Half of drivers surveyed by road safety charity Brake and Direct Line admit to breaking traffic laws, with 25% of them doing so through inattention and 23% doing so deliberately because they think they can get away with it or do not agree with the laws.
Brake suggests that this makes it clear that more needs to be done both to enforce traffic laws, and to persuade drivers to buy in to the importance of complying with them.
With dedicated traffic police numbers being cut back in recent years , Brake is concerned that UK roads are becoming "increasingly lawless territory". Police officers have reported that they have been forced to "retreat" from motorways, major and rural roads. At the same time, road deaths and serious injuries recently increased by 4% after decades of reductions. This follows Government casualty reduction targets being dropped in 2010.

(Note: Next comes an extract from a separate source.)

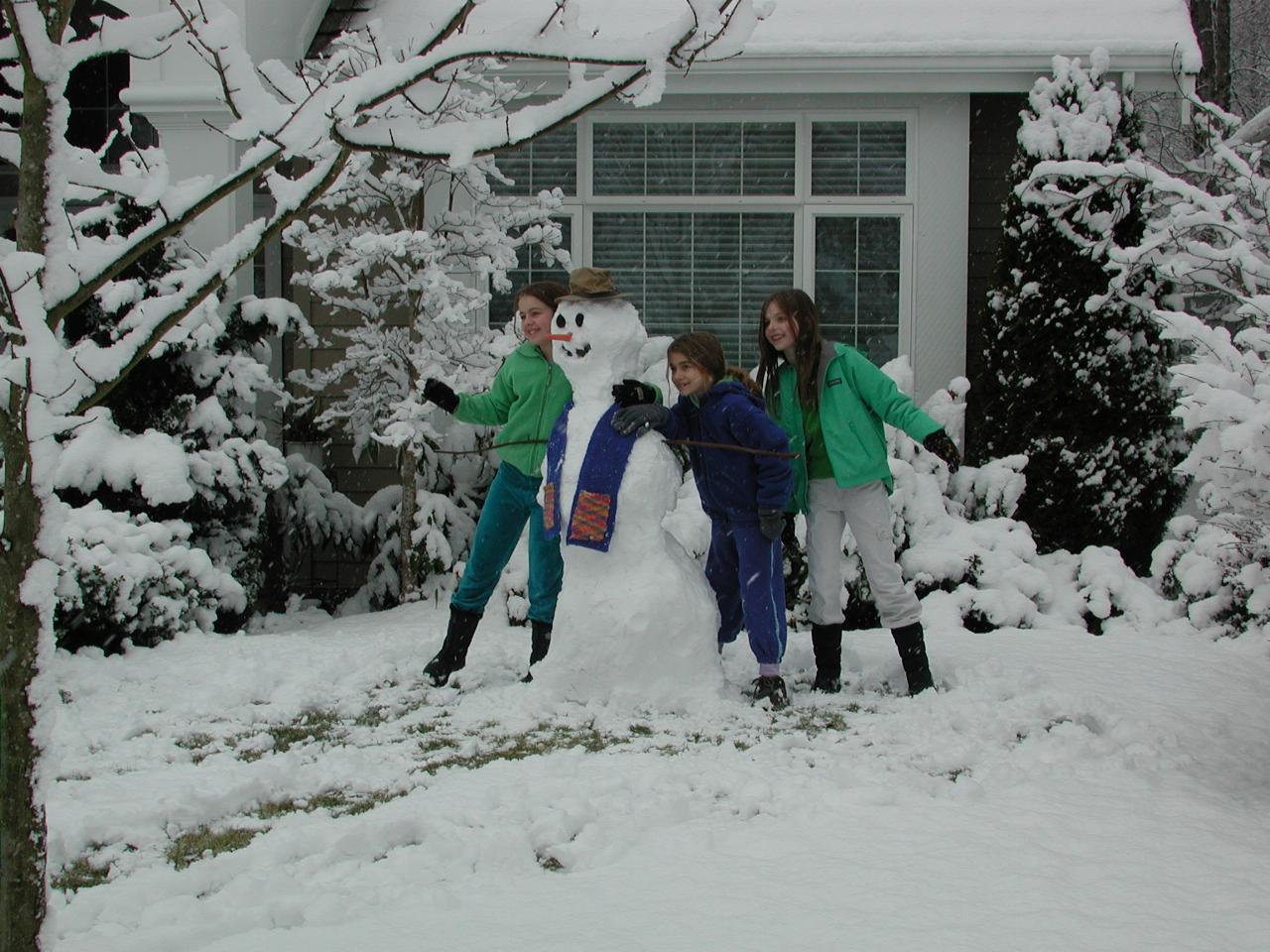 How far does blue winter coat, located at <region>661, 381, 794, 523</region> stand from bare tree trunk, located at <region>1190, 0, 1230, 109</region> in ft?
35.5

Brake is calling on any new government to reverse this trend and make traffic enforcement a national policing priority, alongside giving greater impetus to bringing casualties down and making streets safer.
Other key findings from Brake and Direct Line's report on the state of UK driving include:
- UK drivers are more confident in the safety of their own driving than they were 10 years ago, with more than two thirds (69%) rating themselves as safer than most other drivers, up from half (50%) in 2005. Drivers judge each other more harshly than themselves, with the majority (58%) saying there are more dangerous drivers than safe drivers on UK roads.

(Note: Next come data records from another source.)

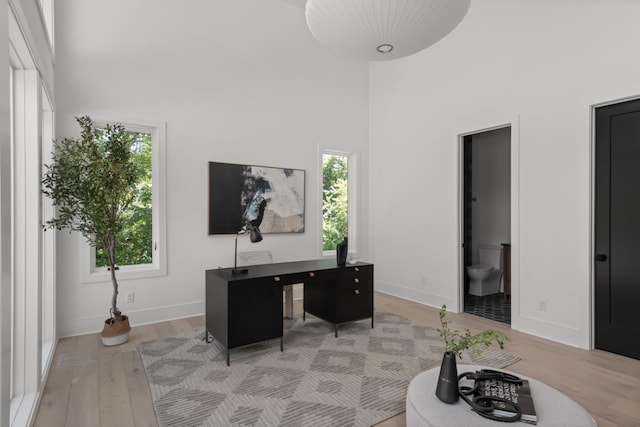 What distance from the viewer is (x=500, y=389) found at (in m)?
1.90

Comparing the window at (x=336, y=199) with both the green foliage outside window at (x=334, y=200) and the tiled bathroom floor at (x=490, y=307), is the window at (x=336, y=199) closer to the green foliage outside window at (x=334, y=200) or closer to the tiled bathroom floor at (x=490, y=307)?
the green foliage outside window at (x=334, y=200)

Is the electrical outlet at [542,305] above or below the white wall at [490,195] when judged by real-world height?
below

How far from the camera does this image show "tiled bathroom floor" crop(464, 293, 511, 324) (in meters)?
4.44

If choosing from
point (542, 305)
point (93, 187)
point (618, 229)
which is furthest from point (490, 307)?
point (93, 187)

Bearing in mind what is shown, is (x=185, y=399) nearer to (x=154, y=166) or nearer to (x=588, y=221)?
(x=154, y=166)

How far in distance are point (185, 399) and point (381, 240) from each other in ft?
12.7

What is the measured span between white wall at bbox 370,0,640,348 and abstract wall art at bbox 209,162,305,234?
1573 millimetres

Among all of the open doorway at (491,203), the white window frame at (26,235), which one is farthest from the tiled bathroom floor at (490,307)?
the white window frame at (26,235)

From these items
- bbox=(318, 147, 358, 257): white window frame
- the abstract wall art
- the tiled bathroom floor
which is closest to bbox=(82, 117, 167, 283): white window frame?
the abstract wall art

- Young drivers (17-24) are most likely to rate their driving as safer than others, with three in five (58%) saying they are "much" safer. Given young drivers are proportionately involved in more crashes than older drivers, this suggests overconfidence is putting them at risk. Young drivers are more likely to rate the majority of other drivers as dangerous and to feel endangered by them, suggesting they may be more aware of bad habits that become habitual for experienced drivers.
- When asked what unsafe driving behaviours they witnessed most, distraction (such as from mobile phones) (71%), tailgating (71%), speeding (67%) and risking overtaking (66%) topped the list of UK drivers' concerns.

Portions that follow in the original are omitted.